Inspired by her documentary and forthcoming book, The Banker Ladies, we recently had the privilege of connecting with Dr. Caroline Shenaz Hossein about her research on coop banking, the role of rotating savings and credit associations (ROSCAs), and social enterprises in Canada.
Caroline Shenaz Hossein is an Associate Professor of Global Development and Political Science at the University of Toronto at Scarborough in Ontario, Canada. She founded the Diverse Solidarity Economies (DiSE) Collective, made up of more than 20 Black and racialized feminist leaders, and is the author of Politicized Microfinance: Money, power and violence in the Black Americas (University of Toronto Press, 2016). Caroline currently sits on the Board of the International Feminist Economics Association, is the Board Chair of the Miami Institute for Social Sciences, and is a Board trustee of the Association of Social Economics, all global academic institutions reaching thousands of members. She is currently conducting research on the African diaspora in Canada and the Caribbean, and she is particularly interested in advancing the economic role of racialized women in the Caribbean and Canada in real ways to acknowledge and hire the Banker Ladies in economic development. You can see more about her research and projects on her website or follow her on Twitter: @carolinehossein.

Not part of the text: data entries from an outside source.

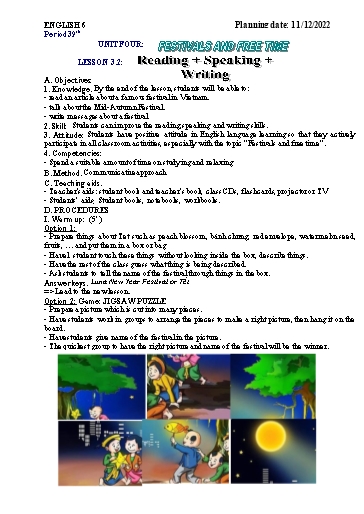 Kế hoạch bài học Tiếng Anh 6 - Tuần 14, Tiết 39: Festivals and free time, Lesson 3.2 - Năm học 2022-2023 - Trường THCS Trần Kim Xuyến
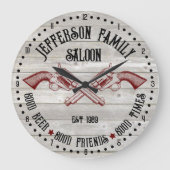 Personalisierter Old West Saloon überquerte sechs  Große Wanduhr (Vorderseite)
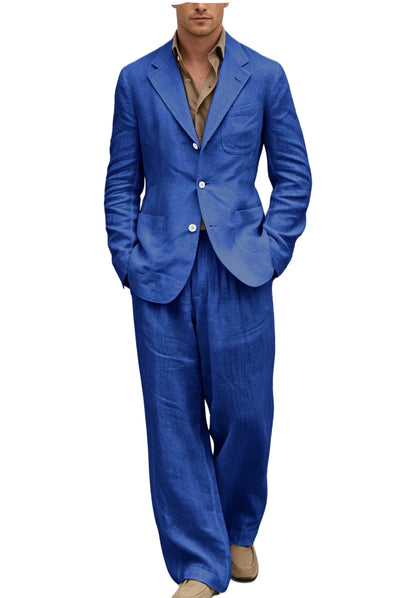 Men's Linen Suit 2 Pieces Set Casual Blazer & Wide Leg Pants Notch Lapel Breathable Wedding Business Party Jacket Tuxedo Summer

- What has your career journey been like and what inspired you to create the Banker Ladies documentary and research alternative models of banking?
While at Cornell University (1995-1997), I started researching Sudanese exiles in Cairo, Egypt and livelihood strategies such as Sandooq and other microbanking programs. I then worked in Benin, Niger, Guinea, and a number of other places focused on economic development programming through global non-profits and development aid agencies for about 10 years. Now as an academic, I am interested in coops and the commoning of goods. Though I studied professionalized financial development, such as microfinance, for years as my PhD topic across a number of Caribbean countries, my interest was always in community-driven cooperative institutions, officially known as rotating savings and credit associations (ROSCAs). ROSCAs are locally called by the vernacular: Susu, Chit, Hagbad, Osusu, Chama, Arisan, Hua and such banking coops. Being told that there was only one commercial model of banking to follow seemed untrue. Growing up in a Caribbean immigrant family we had to struggle for everything, and I knew that right in Toronto African peoples and other racialized immigrants were always organizing their own mutual aid financing and coops, and often did this work out of sight. This is what we can see as part of the commons, in which people shared goods to help themselves and others. In my experience, doing research on ROSCAs is accepted in the academe, as long as one is studying these coops in the Global South, outside of the Western world. Running a ROSCA is tough work because the members who organize these coops are operating informally, and they are commoning resources so building trust takes time. Because I focus on Black marginalized women, this takes even more time to get the story right due to the secrecy at times with informal coop systems. I am working on my fifth book, The Banker Ladies, and the Canadian case is the hard one to do because the ROSCA members – known as the Banker Ladies – hide what they do. The documentary is directed by a Haitian-Canadian filmmaker Esery Mondesir and the goal is to bring awareness and to educate the public about ROSCAs, informal coops, and mutual aid carried out by marginalized Canadian women. The Banker Ladies is hosted on films for action (open access) and it was supported by federal SSHRC funding and the early researcher award by the Province of Ontario. This body of work on ROSCAs in the Americas is based on 11 years of research and I have a book, The Banker Ladies, underway with the University of Toronto Press.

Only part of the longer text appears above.